## EXERCISE:
Omit all pictures, then retype exactly the lines from the one that contains "If you have" through the end of the listing.

----

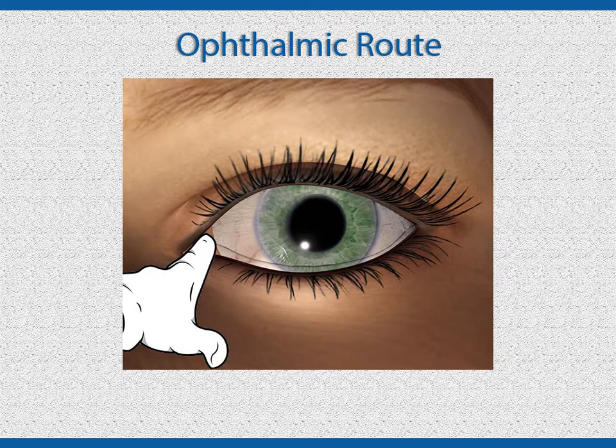To minimize systemic reactions, the doctor may have you press your finger over the tear duct in the corner of the eye closest to the nose. This will prevent the drops from draining out of the eye. You can also have the person tilt their head to the left when placing drops in the left eye, and to the right when placing drops in the right eye. By tilting the head, it will also reduce the chance the drops will drain into the tear ducts.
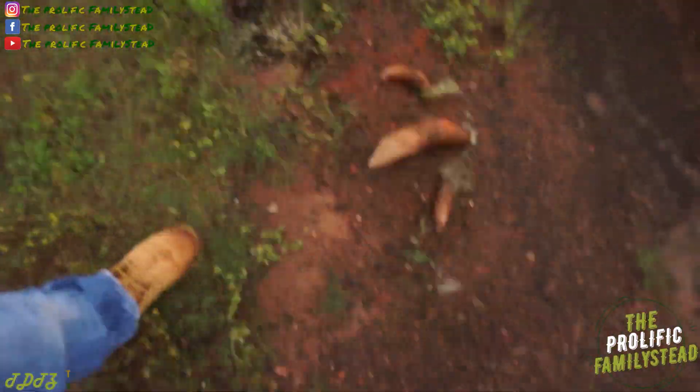What's up family, I hope everyone's having a great morning, great evening, great afternoon. Today we're going to show you how easy it is to plant sweet potato slips in the ground.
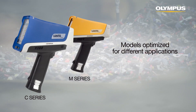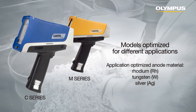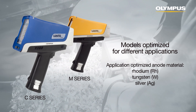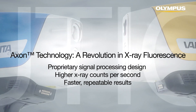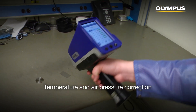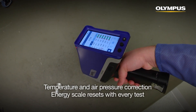Vanta analyzers are available in a variety of different models optimized for your application. Choose an analyzer with either rhodium, tungsten, or silver anodes depending on your analytical needs. Every Vanta is powered by Olympus' revolutionary new Axon technology for higher x-ray counts per second and fast results. The analyzer software automatically corrects for temperature and air pressure and resets the energy scale with every test for accuracy.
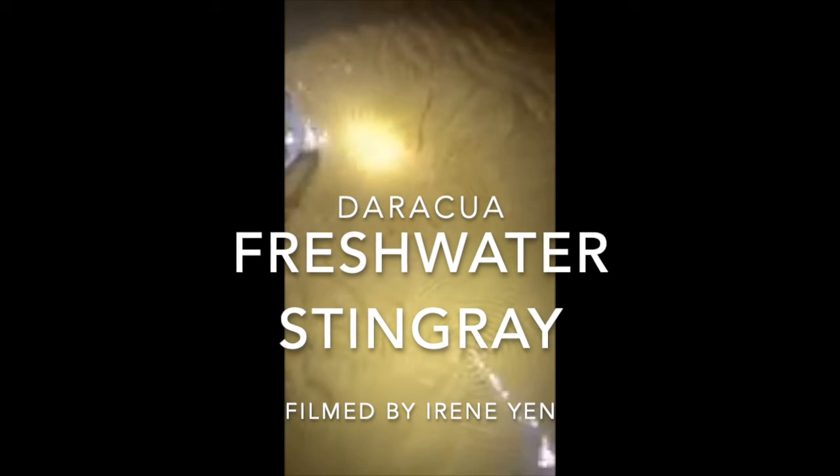Check out this huge stingray filmed near the village of Daraqua by Irene Yen. This is a discus, or manzana ray, Paratrigon areba, and it's just steps away from the village in ankle-deep water.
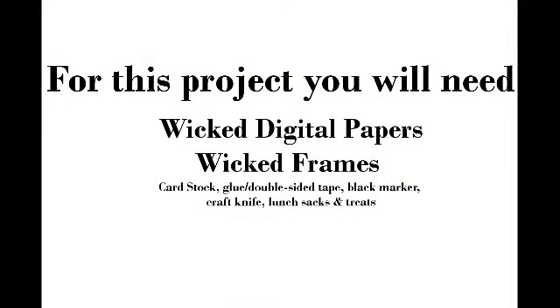Happy Tuesday everyone, this is Leslie Roe with a Tuesday Tutorial with Digital Delights by Louvy Lou. Today I'm going to share with you a cute little treat pouch place card — it's going to be great for a dinner party or whatever. For this project you're going to need some wicked digital papers, wicked frames, cardstock, glue, double-sided tape, a marker, craft knife, lunch sacks, and treats.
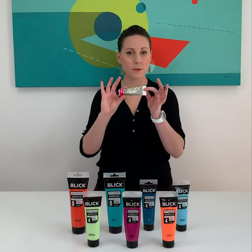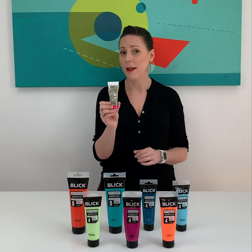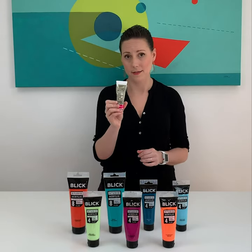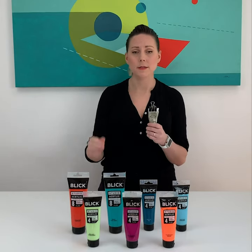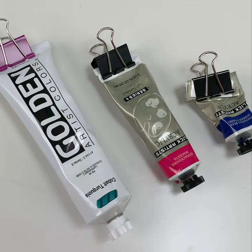If you have tubes of paint that look like this and they don't happen to have a hang tag on the end, you can just grab any binder clip you have lying around and simply clasp it to the top — and now you have an instant hang tag.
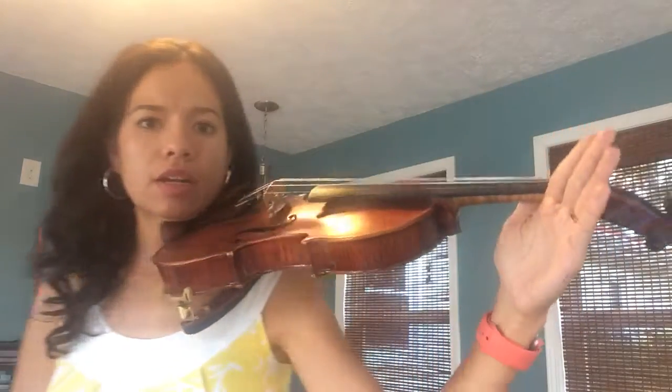What we're going to do is set our song to make sure that we're setting up our left hand correctly. Put your violin in play position on your shoulder, take your violin hand, and remember we're going to do a V. Everything needs to be straight like this — don't do it like this or like that. Make sure your hand is straight, and we're going to put our violin right in there.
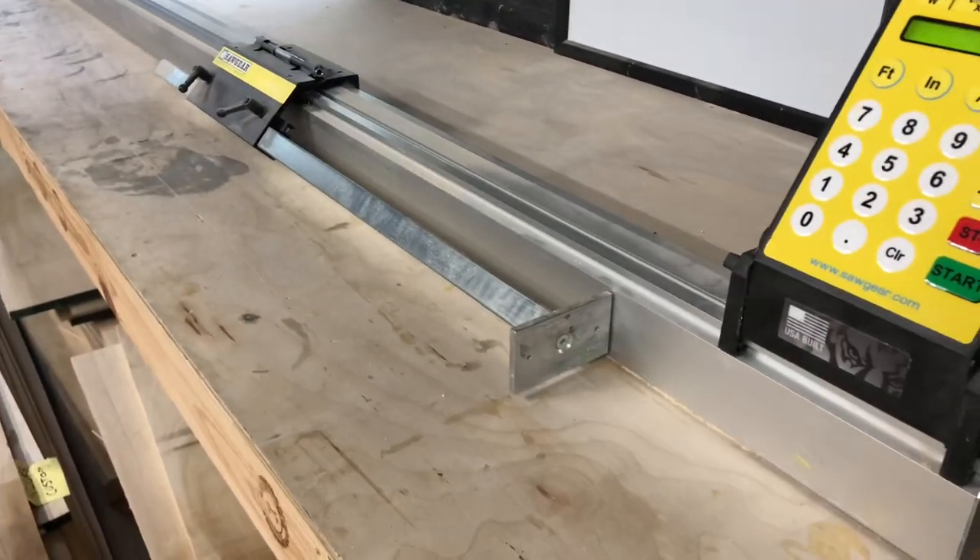What's up everybody, welcome back. Owning a small business — in my case a custom furniture shop — I'm always looking for ways to speed up production without jeopardizing quality of work. One of the ways I've figured out is adding automation to some of our bigger stations in the shop. I've already added automation to our miter saw, and now we've added automation to our table saw.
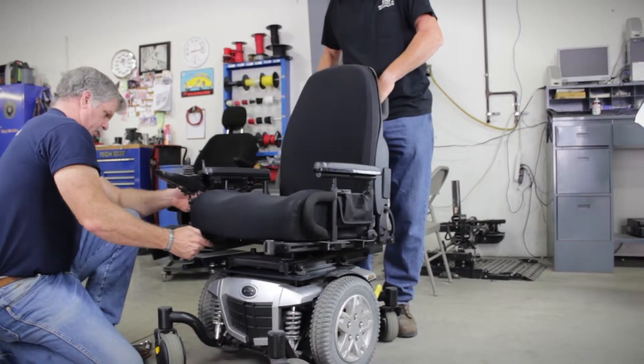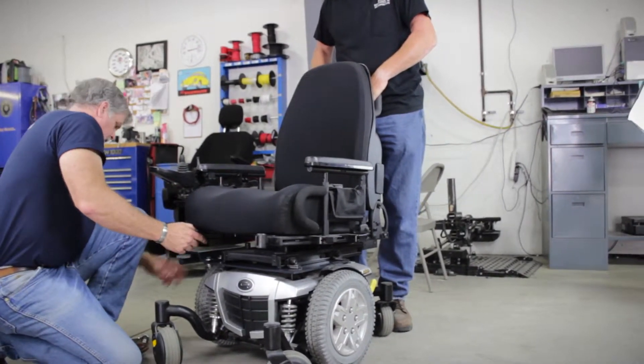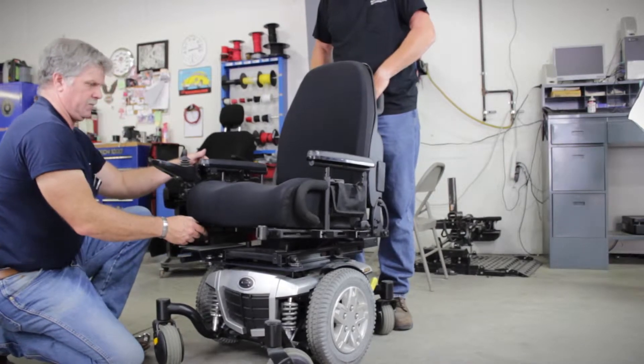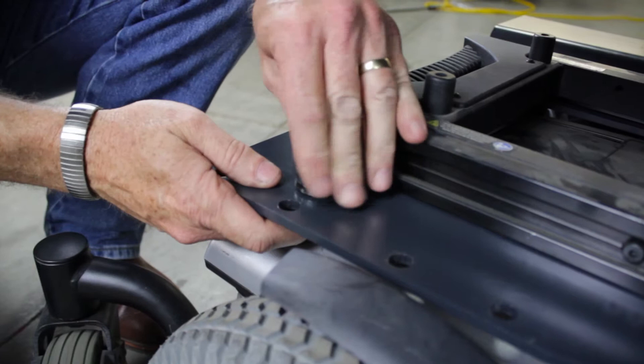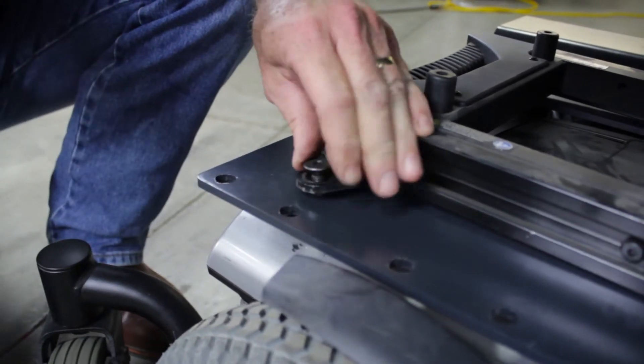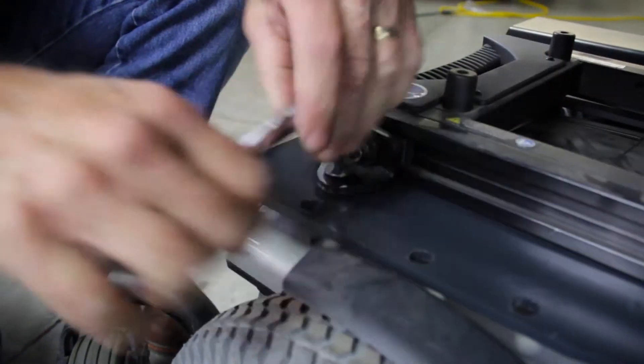Typically, the seat frame can be put back in place so that the bolts can be mounted. At this time, attach all frame brackets to the wheelchair and frame bracket itself. Tighten down once set.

----

## ANSWER SECTION:
If you have tubes of paint that look like this and they don't happen to have a hang tag on the end, you can just grab any binder clip you have lying around and simply clasp it to the top — and now you have an instant hang tag.
What we're going to do is set our song to make sure that we're setting up our left hand correctly. Put your violin in play position on your shoulder, take your violin hand, and remember we're going to do a V. Everything needs to be straight like this — don't do it like this or like that. Make sure your hand is straight, and we're going to put our violin right in there.
What's up everybody, welcome back. Owning a small business — in my case a custom furniture shop — I'm always looking for ways to speed up production without jeopardizing quality of work. One of the ways I've figured out is adding automation to some of our bigger stations in the shop. I've already added automation to our miter saw, and now we've added automation to our table saw.
Typically, the seat frame can be put back in place so that the bolts can be mounted. At this time, attach all frame brackets to the wheelchair and frame bracket itself. Tighten down once set.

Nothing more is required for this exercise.